__AIM OF THE EXERCISE__
Retype the opening lines of the listing below, ending with the line that contains "Dark Green Seersucker", and leave out any pictures.

__EXTRACTED RECORDS__
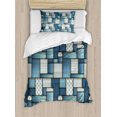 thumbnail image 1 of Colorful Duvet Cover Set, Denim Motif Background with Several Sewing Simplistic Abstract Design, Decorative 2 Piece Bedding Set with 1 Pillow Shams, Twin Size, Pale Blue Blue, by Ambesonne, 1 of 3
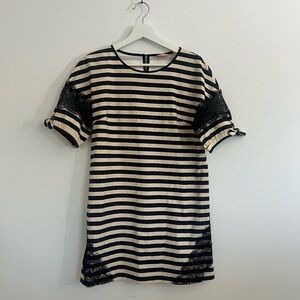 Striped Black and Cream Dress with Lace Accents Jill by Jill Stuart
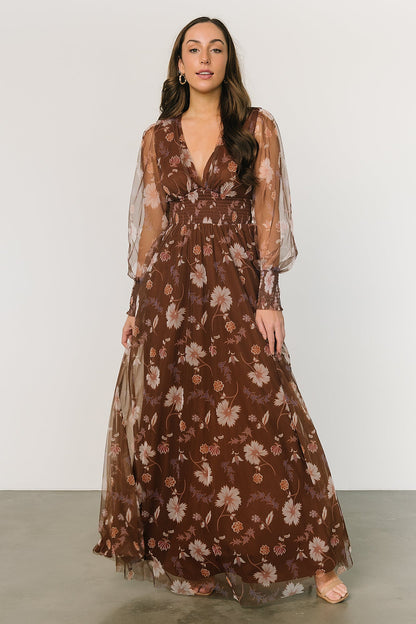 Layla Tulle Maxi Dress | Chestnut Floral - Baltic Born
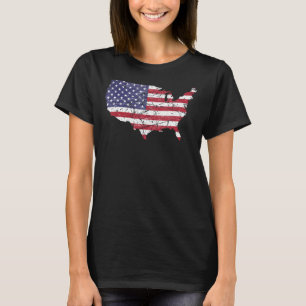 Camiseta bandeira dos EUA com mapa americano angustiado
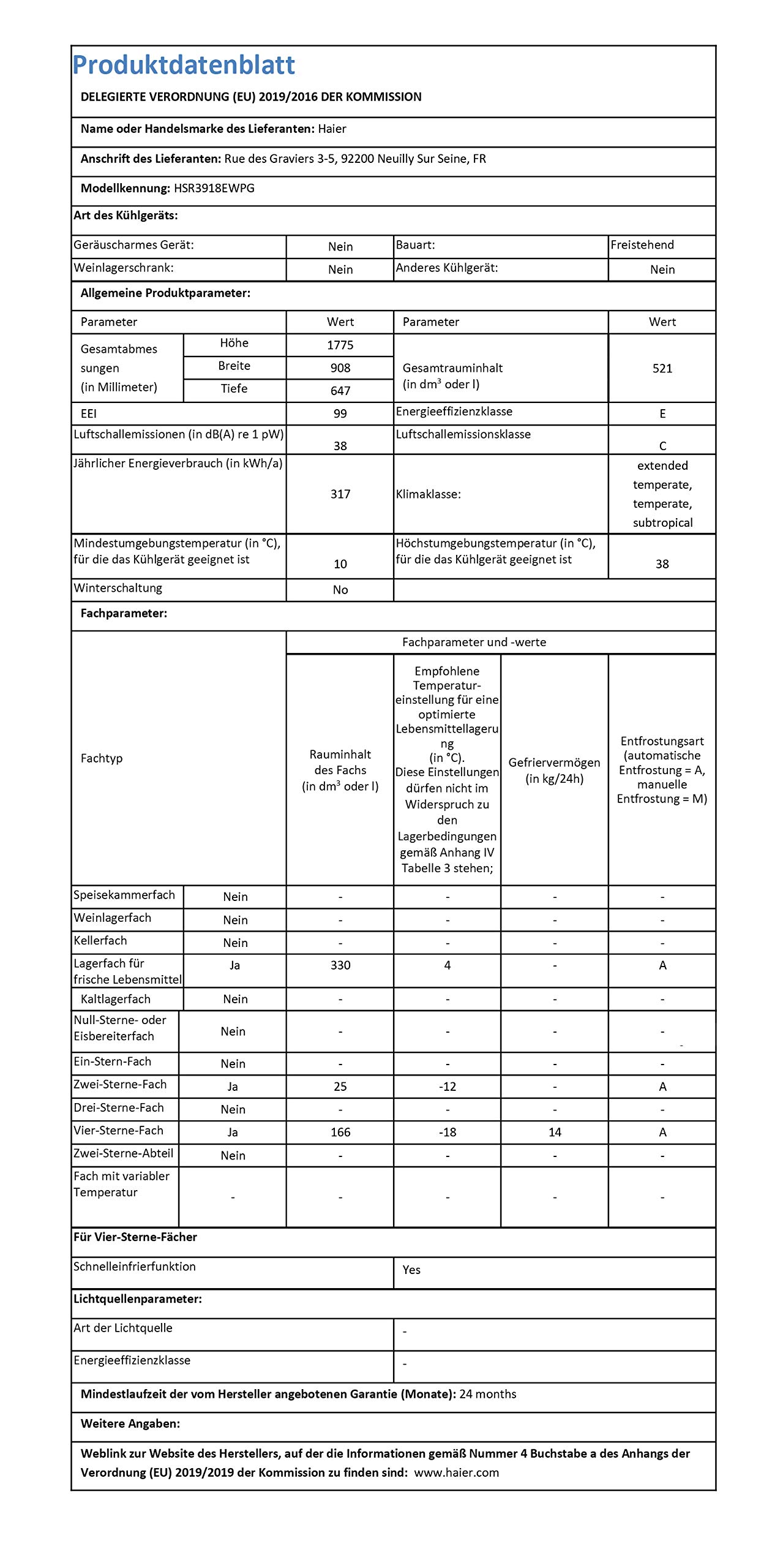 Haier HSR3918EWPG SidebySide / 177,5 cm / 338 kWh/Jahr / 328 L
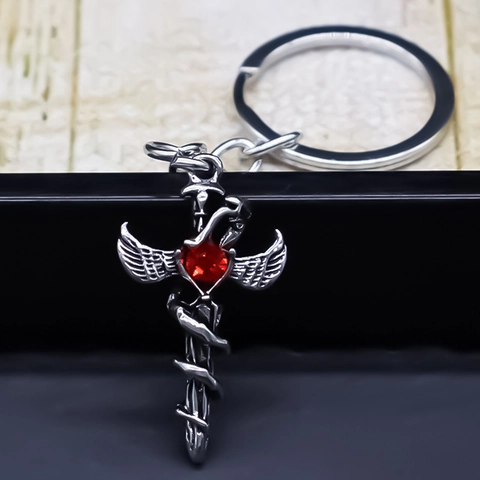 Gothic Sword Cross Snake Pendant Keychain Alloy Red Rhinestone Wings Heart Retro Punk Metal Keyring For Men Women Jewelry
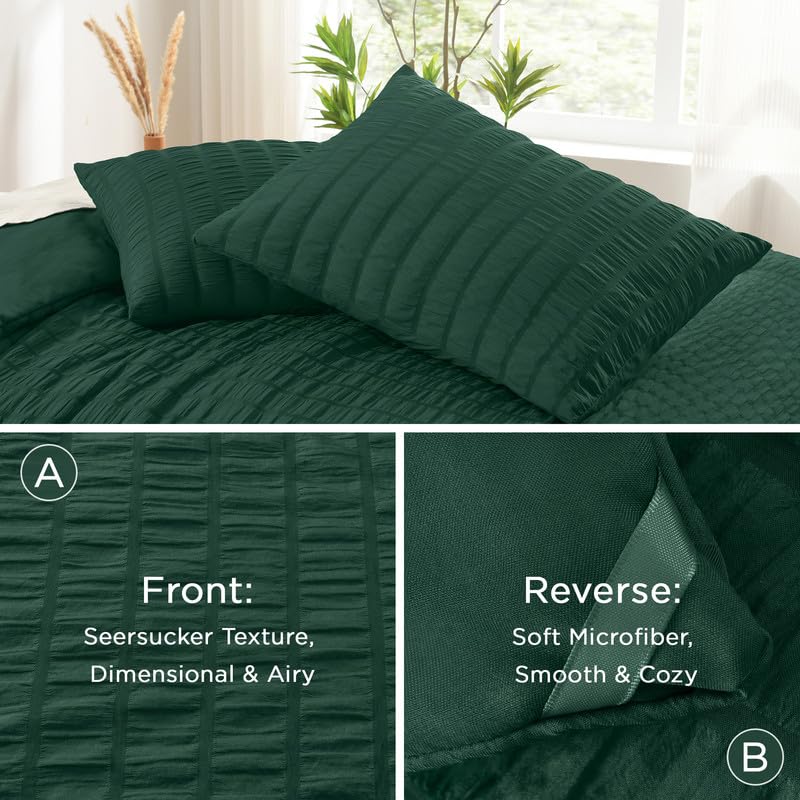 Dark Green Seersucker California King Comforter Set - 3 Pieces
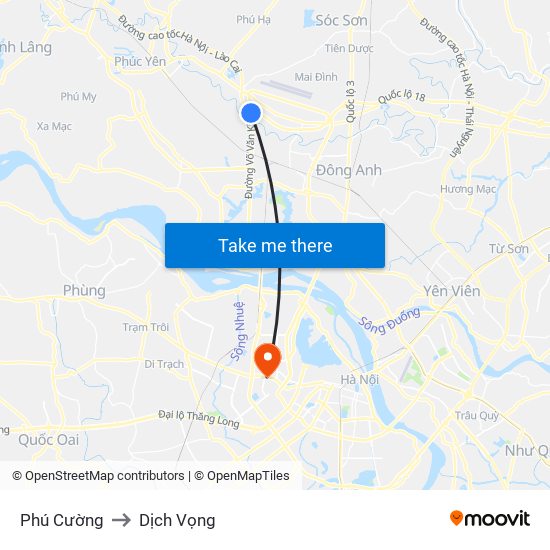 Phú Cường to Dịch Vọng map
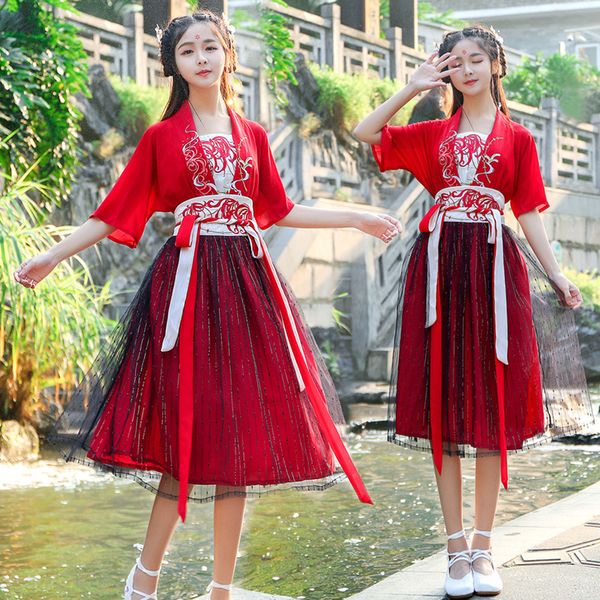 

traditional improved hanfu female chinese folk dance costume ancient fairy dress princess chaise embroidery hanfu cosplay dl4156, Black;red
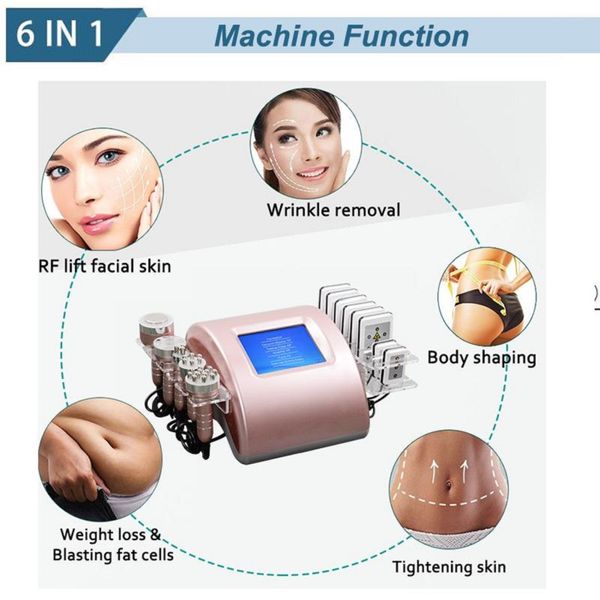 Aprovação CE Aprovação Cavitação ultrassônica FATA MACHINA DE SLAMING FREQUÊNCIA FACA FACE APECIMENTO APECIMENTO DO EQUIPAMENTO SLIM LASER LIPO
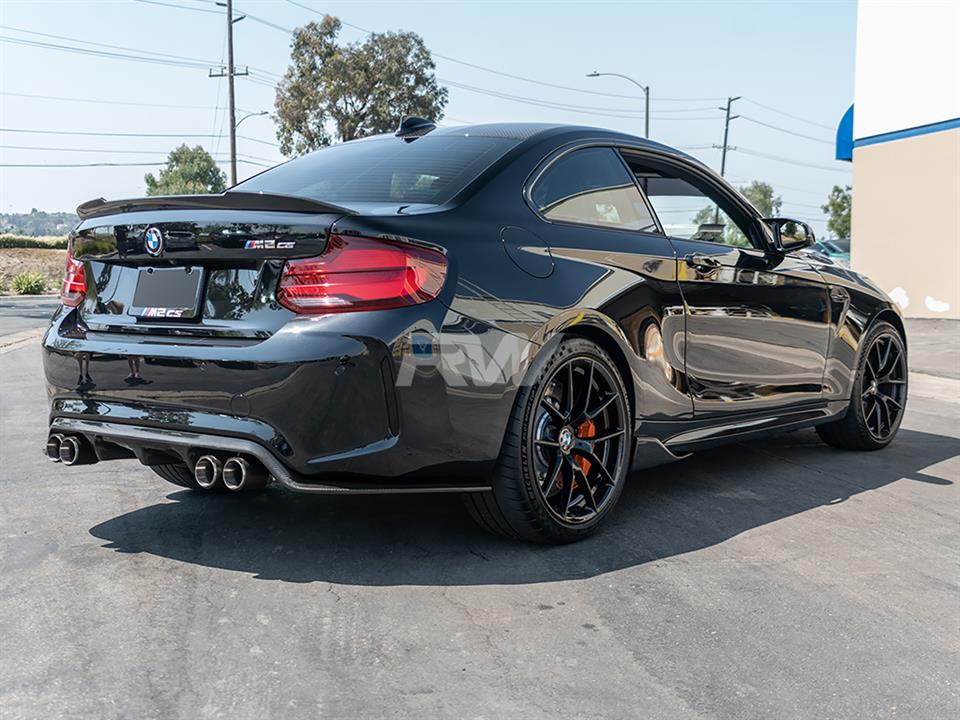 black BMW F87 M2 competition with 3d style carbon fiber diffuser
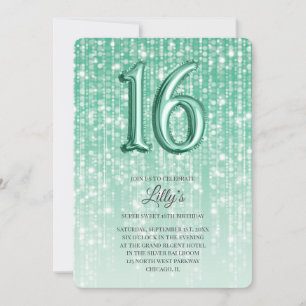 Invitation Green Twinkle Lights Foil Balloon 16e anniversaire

__COMPLETED EXERCISE__
 thumbnail image 1 of Colorful Duvet Cover Set, Denim Motif Background with Several Sewing Simplistic Abstract Design, Decorative 2 Piece Bedding Set with 1 Pillow Shams, Twin Size, Pale Blue Blue, by Ambesonne, 1 of 3
 Striped Black and Cream Dress with Lace Accents Jill by Jill Stuart
 Layla Tulle Maxi Dress | Chestnut Floral - Baltic Born
 Camiseta bandeira dos EUA com mapa americano angustiado
 Haier HSR3918EWPG SidebySide / 177,5 cm / 338 kWh/Jahr / 328 L
 Gothic Sword Cross Snake Pendant Keychain Alloy Red Rhinestone Wings Heart Retro Punk Metal Keyring For Men Women Jewelry
 Dark Green Seersucker California King Comforter Set - 3 Pieces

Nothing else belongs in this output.